━━ Available data ━━

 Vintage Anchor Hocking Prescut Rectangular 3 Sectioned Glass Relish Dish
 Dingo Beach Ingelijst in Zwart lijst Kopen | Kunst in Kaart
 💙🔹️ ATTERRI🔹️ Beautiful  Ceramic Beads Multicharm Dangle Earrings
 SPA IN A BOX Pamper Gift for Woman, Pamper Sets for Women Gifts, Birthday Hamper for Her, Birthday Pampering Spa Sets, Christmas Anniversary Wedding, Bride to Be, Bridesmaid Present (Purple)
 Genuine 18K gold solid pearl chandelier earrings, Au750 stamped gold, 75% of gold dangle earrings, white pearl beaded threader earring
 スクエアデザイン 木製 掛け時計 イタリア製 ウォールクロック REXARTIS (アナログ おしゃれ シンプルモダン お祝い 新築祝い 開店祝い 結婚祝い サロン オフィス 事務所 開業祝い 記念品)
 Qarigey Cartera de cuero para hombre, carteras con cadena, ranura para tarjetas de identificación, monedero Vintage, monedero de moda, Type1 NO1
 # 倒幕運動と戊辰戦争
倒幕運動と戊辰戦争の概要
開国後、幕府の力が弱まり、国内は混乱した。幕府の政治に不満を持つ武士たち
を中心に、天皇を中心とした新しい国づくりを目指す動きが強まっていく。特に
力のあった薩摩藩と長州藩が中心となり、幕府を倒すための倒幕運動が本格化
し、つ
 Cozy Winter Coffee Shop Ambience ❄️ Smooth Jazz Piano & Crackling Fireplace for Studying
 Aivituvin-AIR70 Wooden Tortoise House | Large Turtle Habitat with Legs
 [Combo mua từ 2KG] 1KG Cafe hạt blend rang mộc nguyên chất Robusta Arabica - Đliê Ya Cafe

━━━

• [Task to carry out]:
Where a line of the entries contains "Vintage", report that line.

• [Problem solution]:
 Vintage Anchor Hocking Prescut Rectangular 3 Sectioned Glass Relish Dish
 Qarigey Cartera de cuero para hombre, carteras con cadena, ranura para tarjetas de identificación, monedero Vintage, monedero de moda, Type1 NO1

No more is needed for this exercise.